RL Lecture 14 - Recap & Exam Preparation

Overview & Motivation

This is the final recap lecture covering all 13 previous lectures. The goal is to sketch the coherence of all lecture topics and provide a unified view of the methods studied throughout the course. This note is structured as an exam-preparation resource with comparison tables, convergence guarantees, and method taxonomies.

Warning

The recap cannot cover all 14 lectures in 90 minutes. Topics outside of the recap can be on the exam too. Study each lecture’s material independently.

Exam: What to Know

Know the advantages, disadvantages, and limitations of each method, and the situations where a certain method should be preferred.
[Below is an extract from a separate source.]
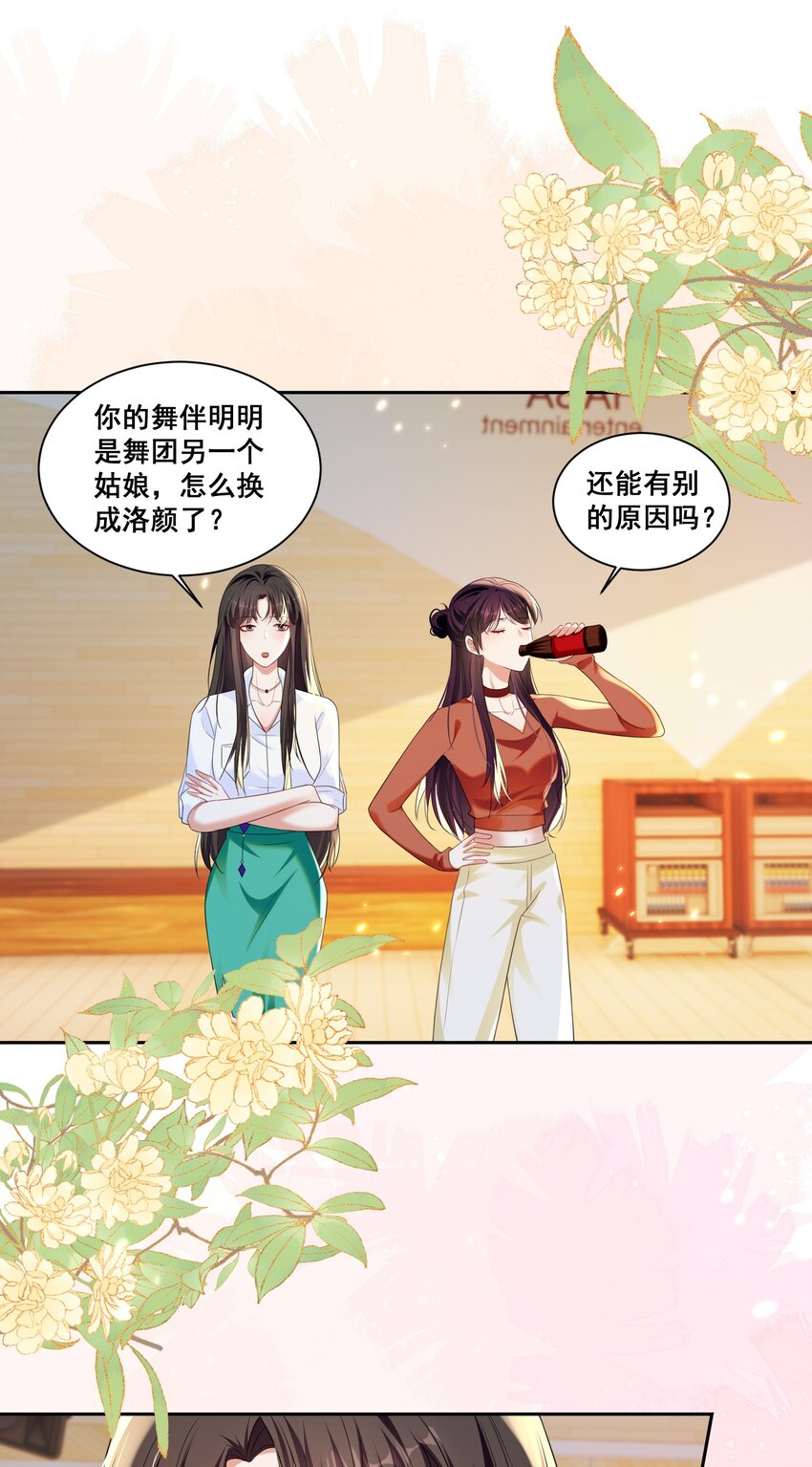 146 我不会欺负你（米苏洛颜结局回收二）-第147话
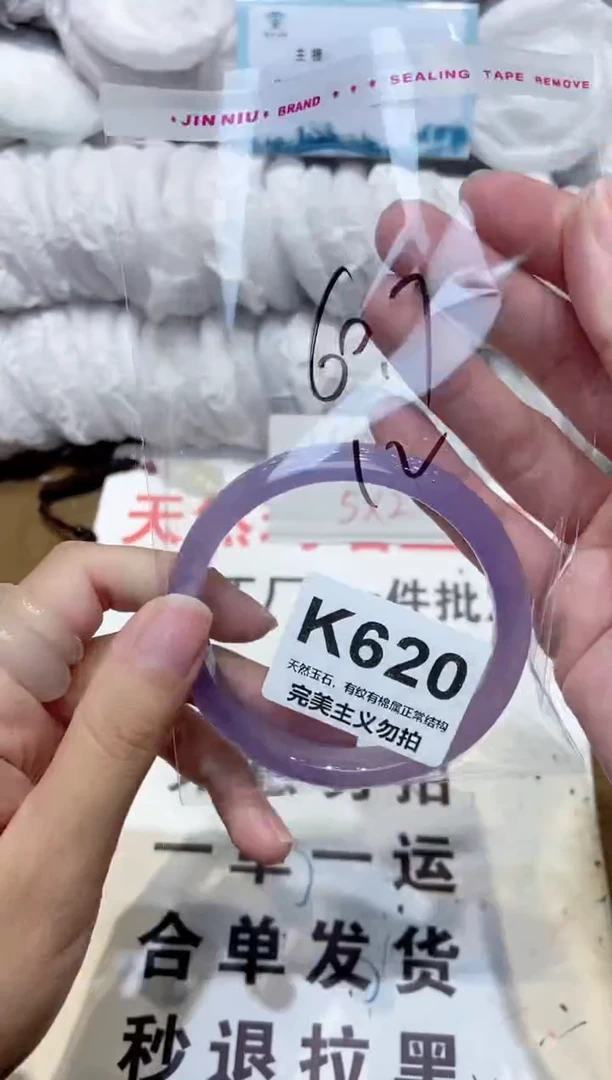 手镯玛瑙/玉髓未镶嵌61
A cheat sheet with key update equations is provided during the exam. Many algorithms have variants (Q- and V-version, importance weights, etc.) — the cheat sheet has only the most important ones.

The Big Picture

The central problem in RL: find an optimal policy $π^{*}$ (or evaluate a given policy) from data.

$D = {(s_{i}, a_{i}, r_{i}, s_{i}^{'})}_{i = 1 \dots N}$

When MDP dynamics $p (s^{'}, r ∣ s, a)$ are known, we use Dynamic Programming. When we only have data from the MDP, we use reinforcement learning.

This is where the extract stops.